Here’s the head of the City Council.
Experts are also urging New York City to shut the system down. Former FDA commissioner Scott Gottlieb has called New York a dangerous outlier.
The Centers for Disease Control and Prevention has said that for school closures to work at all, they need to be long. Boston’s schools are closed through April.
Meanwhile, teachers in New York are beginning to organize a “mass sick out.” Here is the full note from my kids’ principal.
>I am writing to you all to let you know that as of right now NYC schools continue to be open. I am also reaching out to let you know that I have been notified that a member of our parent body has been confirmed to have tested positive for COVID-19. Perhaps you may have heard rumors milling already. I have reached out to the Department of Education for additional guidance. They have mandated the building be cleaned at this time. Beyond that, I cannot wait for them and feel it is critical that I notify you. I feel very strongly about this and that is why I am writing to you to notify you, not to panic you. Information is critical at this time The health and safety of our students, families and staff is our utmost priority. While we know that the risk of serious illness for the majority may be low, the risk of spreading the virus is more unknown. This individual is following the guidelines from their health care professionals and is not posing a risk to anyone in our community at this time. Please monitor your own health and any symptoms as we have all been directed to do at this time.
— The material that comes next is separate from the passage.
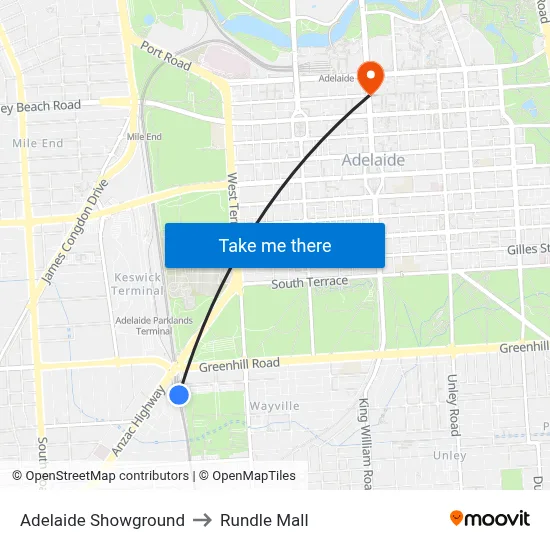 Adelaide Showground to Rundle Mall map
I will be sharing more information as soon as I have it.
>I am advocating in every way that I can that our school, as well all New York City Public Schools, be closed at this time. I cannot make that decision. I would if I could. I understand closing schools is a very complex issue for our city as a whole, I also whole-heartedly understand that you are all very worried. I understand that you are worried about the well-being of your families, yourself, our staff and our community. It is very hard to reconcile all the closures and postponed events both on a small and large scale and understand why having our regularly scheduled days in school continue. The Department of Education has told us that no one will be penalized for COVID-19 -related absences during this time. Please do what is best for each of your families individually.
>I understand that considering these recent developments you may wish to keep your child at home on Monday and moving forward. I also understand that our staff members will feel the same way. However, I will be at school on Monday, as I do not expect they will close us at this time. I know that we will work to create the best possible safe environment for your children if they are in school.
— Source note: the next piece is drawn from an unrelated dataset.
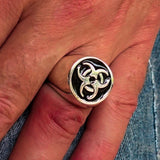 Nicely crafted Men's Biohazard Ring Black Toxic Waste Symbol - Sterling Silver - BikeRing4u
>I know you may have many questions. I will send updates as I get them. I would be remiss if I did not say how fortunate and grateful I feel to work with such amazing students, staff, and this entire community every day.
Update, March 15, 2020: A principal at a second New York City public school emailed families telling them — over city objections — that a parent had tested positive for COVID-19: “I have been instructed to not send out any communica[tions] to you but at this point, I felt it was urgent and the interest of public health to share this information.”
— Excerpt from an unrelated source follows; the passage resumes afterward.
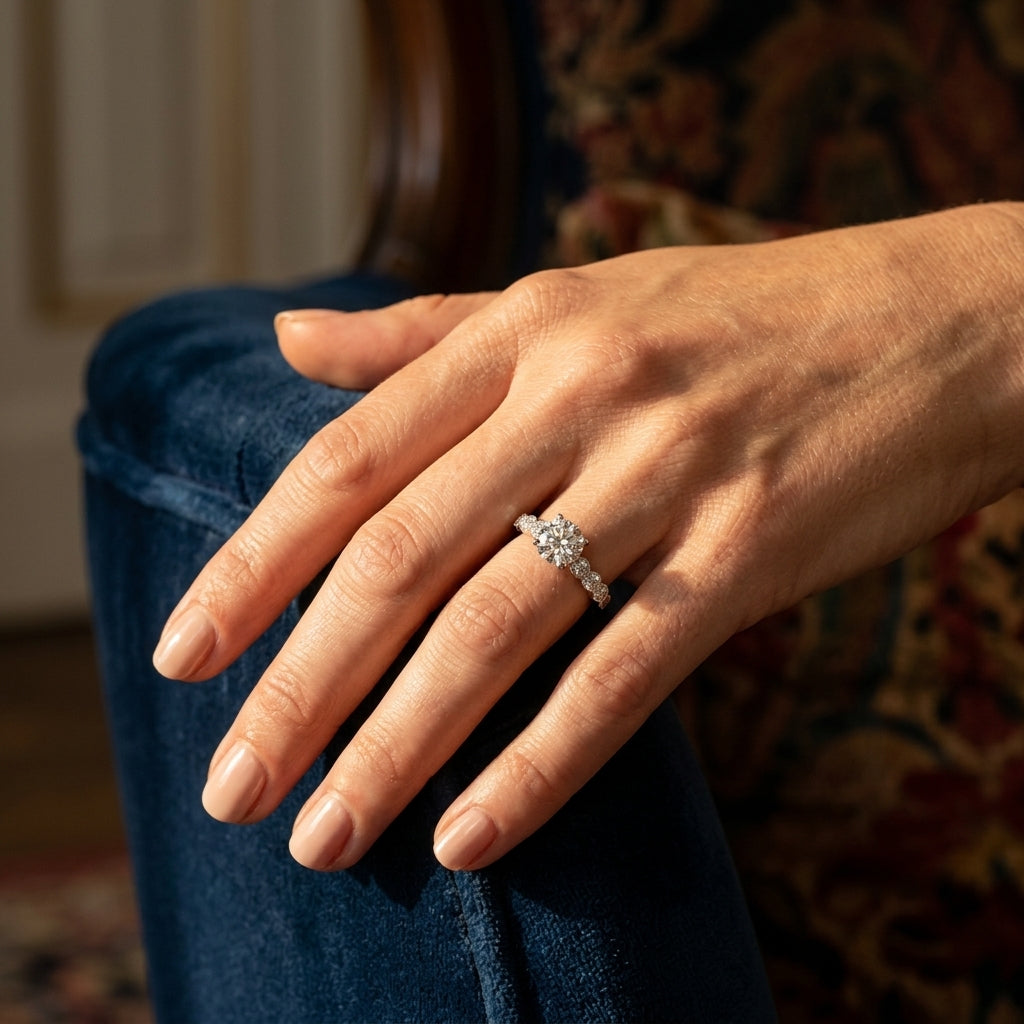 Vintage-Inspired Bezel Set Engagement Ring - worn lifestyle photo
Here is the full letter, obtained by ProPublica, which the principal sent Sunday morning.
Later on Sunday, New York City Mayor Bill de Blasio announced that public schools would close for more than a month.
Asked about the principal's letter, a spokeswoman for the New York City Department of Education did not address the city's lack of notification to families. “Health and safety always comes first,” wrote spokeswoman Danielle Filson in an email. “All of our school buildings will be deep cleaned tomorrow.”